Industrial Ingredients Division

  • Revenue declined 9% to $75.8 million on lower prices for corn and by-products. Unit prices, excluding corn, increased.
  • Bio-products revenue was up 20% on improved volumes largely from new business gains.
  • The Company increased ethanol volumes more than 30% as crush margins expanded on higher demand and fuel market supply chain dislocations that caused regional shortages during the harsh winter.
  • Gross margin rose 17% on higher volumes, lower input costs and higher plant through-put despite challenging production conditions that pushed energy, freight and maintenance costs up by more than $1 million above a year ago.
  • Operating income was slightly above break-even compared with a loss of $0.5 million in the second quarter last year.

Consolidated Results

  • Cash use from operations was $3.3 million less than a year ago primarily due to lower working capital balances.
  • Total debt outstanding fell $16.7 million, or 20%, to $68.9 million from a year ago.

Acquisition Details

  • On March 25, 2014, the Company acquired Gum Technology, which markets a wide range of gums and other hydrocolloids.
  • The combination should create growth opportunities through applications development in both the food and industrial businesses.
  • The Company expects the acquisition to be accretive within the next twelve months.

Conference Call

The Company will host a conference call to discuss fiscal 2014 second quarter results today, April 9, 2014 at 8:00 a.m.
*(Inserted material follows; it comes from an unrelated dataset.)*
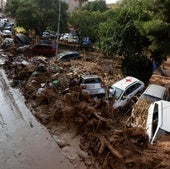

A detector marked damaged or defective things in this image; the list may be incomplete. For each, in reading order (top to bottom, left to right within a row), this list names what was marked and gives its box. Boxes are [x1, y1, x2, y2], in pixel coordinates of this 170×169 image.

destroyed vehicle [80, 74, 106, 98]
destroyed vehicle [109, 76, 144, 111]
destroyed vehicle [146, 100, 170, 144]
wrecked white car [146, 100, 170, 144]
Mountain Time (10:00 a.m. Eastern Time). Access information for the call and web-cast can be found at www.penx.com. To participate in the call on April 9, 2014, please phone 1-877-407-9205 at 7:50 a.m. Mountain Time. A replay will be available at www.penx.com.

About Penford Corporation

Penford Corporation develops, manufactures and markets specialty, natural-based ingredient systems for a variety of food and industrial products. Penford operates six manufacturing facilities and three research and development centers in the United States.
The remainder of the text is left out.